Elzaburu, a firm specialising in managing intangible assets, has renewed its corporate image. The new image has been designed by the Manuel Estrada design studio and symbolises the firm’s vocation for adapting to the new demands of a marketplace that is subject to constant technological and social change. Elzaburu’s new branding includes a modern typeface together with a symbol projecting upwards, representing the firm’s commitment to supporting the innovations and progress of its clients.




Elzaburu, founded 155 years ago, was Spain’s first specialised IP firm. Throughout the firm’s history, it has witnessed such milestones as the patents for the inventions of Thomas Edison, Alexander Graham Bell or Juan de la Cierva, inventor of the ‘autogyro’, as well as the registration and protection of some of the most important trademarks of multinationals from all over the world.

The firm protects and defends the IP interests of 30% of the companies in the IBEX 35, Spain’s stock market index, together with 36% of the top Fortune 500 companies.

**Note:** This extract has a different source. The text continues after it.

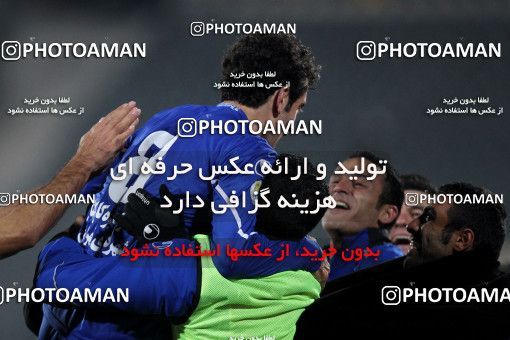 964563, Tehran, [*parameter:4*], لیگ برتر فوتبال ایران، Persian Gulf Cup، Week 14، First Leg، Esteghlal 3 v 2 Shahin Boushehr on 2011/11/24 at Azadi Stadium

Recently, a group of Elzaburu lawyers were selected to provide advice on IP-related matters to the Chinese government, a country where the firm has an office.

Over the years, Elzaburu has evolved from its initial activities centring on the registration of patents and trademarks, becoming a firm specialised in protecting and maximising the value of all kinds of creations and intangible assets in all economic sectors, particularly in the fields of new technologies, e-commerce, entertainment, cybersecurity, data protection, domain names and trade secrets, among others.

Today the firm has a staff of 165 people, with lawyers and experts in a wide range of areas, who handle the legal defence of more than 70,000 ongoing cases for more than 3,000 clients throughout the world.